Task requirements: A verbatim transcript of the data that follows, free of images, is the expected result.

Data block:
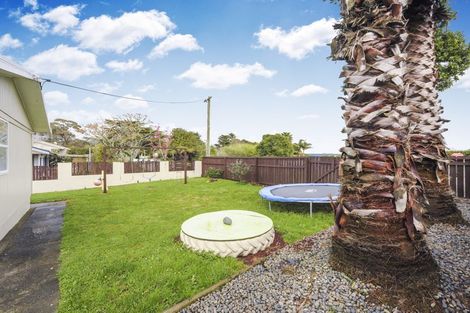 Photo of property in 83 Sunnyvale Road, Massey, Auckland, 0614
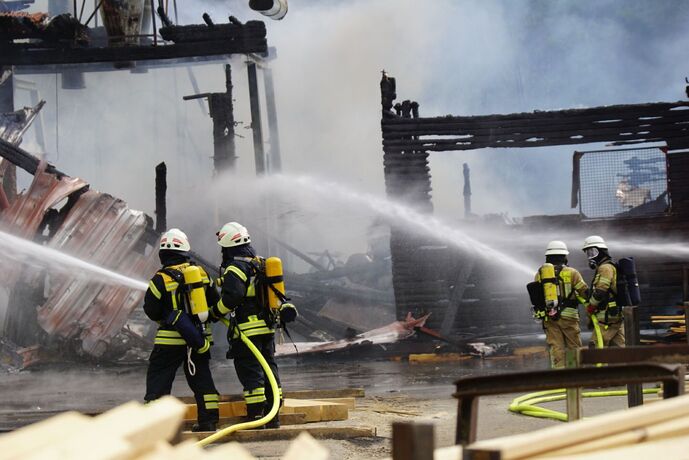 Ruppertshofen: Saegewerk in Vollbrand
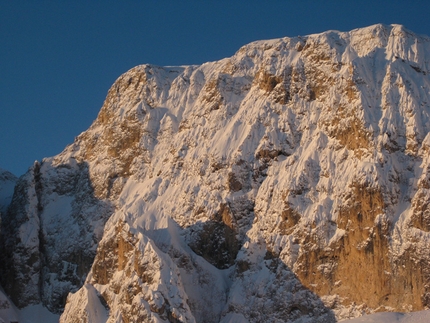 L'Onda di Hokusai,  Molignon di Dentro, Catinaccio, Dolomiti di Philipp Angelo ed Andreas Tonelli - Parte alta della via all'alba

Written response:
 Photo of property in 83 Sunnyvale Road, Massey, Auckland, 0614
 Ruppertshofen: Saegewerk in Vollbrand
 L'Onda di Hokusai,  Molignon di Dentro, Catinaccio, Dolomiti di Philipp Angelo ed Andreas Tonelli - Parte alta della via all'alba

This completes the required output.